### Employment

To-do's:
- Rename columns
- Drop first row
- Drop last two columns
- Check if the totals in Labor force participation and Unemployment rate are adding up male and female values.
- If so, drop the female + male rows.
- Check empty values.
- Reset index.

In [None]:
import pandas as pd
import numpy as np
import pycountry

employment_df = pd.read_csv('../data/raw/SYB66_329_202310_Labour_unem.csv', encoding='iso-8859-1')
display(employment_df)

In [None]:
print(employment_df.columns)

### Rows and Columns
- Drop row with index 0
- Drop last two columns
- Rename columns

In [None]:
employment_df = employment_df.drop(0, errors='ignore')
employment_df = employment_df.drop(['Unnamed: 5', 'Unnamed: 6'], axis=1)
display(employment_df)
print(employment_df.index)

### Rename columns

In [None]:
employment_df = employment_df.rename(columns= {
    'T17': 'country_code',
    'Labour force participation and unemployment': 'participation_area',
    'Unnamed: 2': 'year',
    'Unnamed: 3': 'statistic_type',
    'Unnamed: 4': 'statistic_value',
})

### Remove rows for gender specific statistic (the total equivalent for each year sums it up)

In [None]:
rows_to_drop = ['Labour force participation - Female', 'Labour force participation - Male', 'Unemployment rate - Female', 'Unemployment rate - Male']
employment_df = employment_df[~employment_df['statistic_type'].isin(rows_to_drop)]

### Country codes
- Find unique values
- Use `pycountry` to find the equivalent names
- Add 'area' column with the names
- Identify the ones with 'Unknown' value comparing them with the 'participation_area'
- Create replacement dictionary, implement it

In [None]:
print('\nUnique values in participation_area column:\n')
employment_df['participation_area'].unique()
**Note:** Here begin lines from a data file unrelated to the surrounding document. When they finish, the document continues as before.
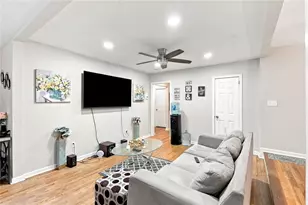 2740 Dale Creek Dr, Atlanta, GA 30318 - Photo 16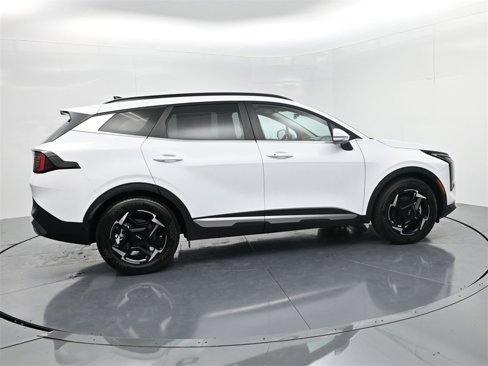 New 2026 Kia Sportage EX image 8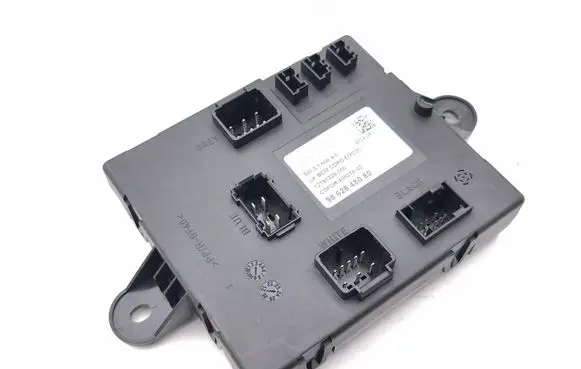 Peugeot 3008 III Central body control module 9862848080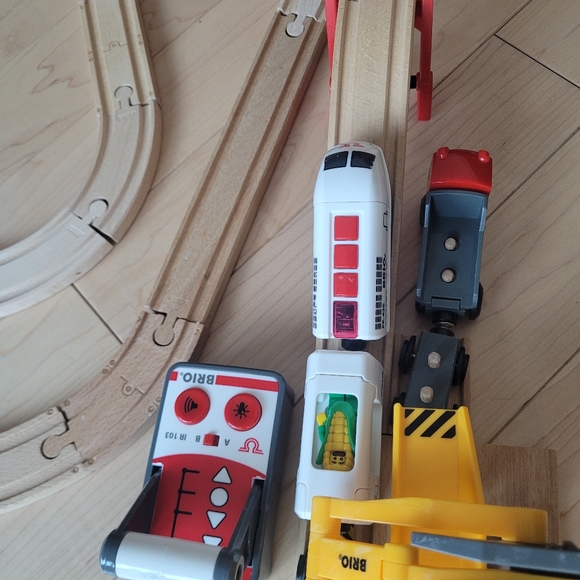 Trains (mostly Brio) and train tracks - Picture 6 of 11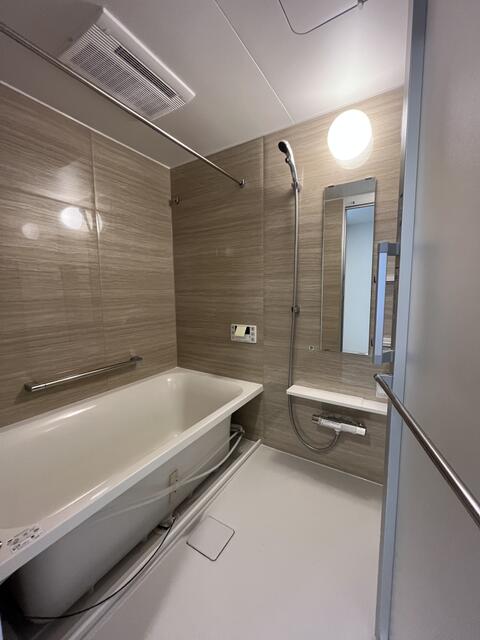 バス・シャワールーム　※別部屋参考写真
### Parse country codes, check for the area names with `pycountry`, update the dataframe

In [None]:
def transform_country_codes(code):
    if len(code) ==1:
        return '00' + code
    elif len(code) == 2:
        return '0' + code
    return code

def get_country_name(country_code):
    try:
        country = pycountry.countries.get(numeric=country_code) # check for country code
        if not country:
            country = pycountry.countries.get(alpha_2=country_code)
        return country.name if country else 'Unknown'
    except KeyError:
        return 'Unknown'

# implement logic to the actual dataset
employment_df['country_code'] = employment_df['country_code'].apply(transform_country_codes)
employment_df['area'] = employment_df['country_code'].apply(get_country_name)

employment_df.head(100)

### Replace 'Unknown' values according to the dictionary

In [None]:
replace_dict = {
    '001': 'World',
    '002': 'Africa',
    '005': 'South America',
    '009': 'Oceania',
    '011': 'Western Africa',
    '013': 'Central America',
    '014': 'Eastern Africa',
    '015': 'Northern Africa',
    '017': 'Middle Africa',
    '018': 'Southern Africa',
    '019': 'Americas',
    '021': 'Northern America',
    '029': 'Caribbean',
    '030': 'Eastern Asia',
    '034': 'Southern Asia',
    '035': 'South-eastern Asia',
    '039': 'Southern Europe',
    '097': 'European Union',
    '134': 'Caucasus',
    '143': 'Central Asia',
    '145': 'Western Asia',
    '151': 'Eastern Europe',
    '154': 'Northern Europe',
    '155': 'Western Europe',
    '202': 'Sub-Saharan Africa',
    '412': 'Kosovo',
    '419': 'Latin America and the Caribbean',
    '530': 'Netherlands Antilles [former]',
    '830': 'Channel Islands'
}

employment_df.loc[:,'area'] = employment_df['country_code'].map(replace_dict).fillna(employment_df['area'])
# display(employment_df)

In [None]:
print('\nUnique values in area column:\n')
print(employment_df['area'].unique())

### Convert the following values in 'area' for better readability and standardization purposes

In [None]:
replace_dict_area = {
    'Bolivia, Plurinational State of': 'Bolivia',
    'Brunei Darussalam': 'Brunei',
    'Congo, The Democratic Republic of the': 'Democratic Republic of the Congo', 
    "Côte d'Ivoire": 'Ivory Coast',
    'Falkland Islands (Malvinas)': 'Falkland Islands',
    'Iran (Islamic Republic of)': 'Iran',
    "Korea, Democratic People's Republic of": 'North Korea',
    'Korea, Republic of': 'South Korea',
    "Lao People's Democratic Republic": 'Laos',
    'Moldova, Republic of': 'Moldova',
    'Netherlands Antilles [former]': 'Netherlands Antilles',
    'Republic of Korea': 'South Korea',
    'Republic of Moldova': 'Moldova',
    'Russian Federation': 'Russia',
    'Timor-Leste': 'East Timor',
    'Türkiye': 'Turkey',
    'Venezuela, Bolivarian Republic of': 'Venezuela'
}

employment_df['area'] = employment_df['area'].replace(replace_dict_area)

In [None]:
replace_dict_statistic = {
    'Labour force participation - Total': 'Labour force participation',
    'Unemployment rate - Total': 'Unemployment rate'
}

employment_df['statistic_type'] = employment_df['statistic_type'].replace(replace_dict_statistic)

### Last but not least
- Drop 'participation_area' column
- Reorder columns
- Reset index

In [None]:
employment_df = employment_df.drop(['participation_area'], axis=1)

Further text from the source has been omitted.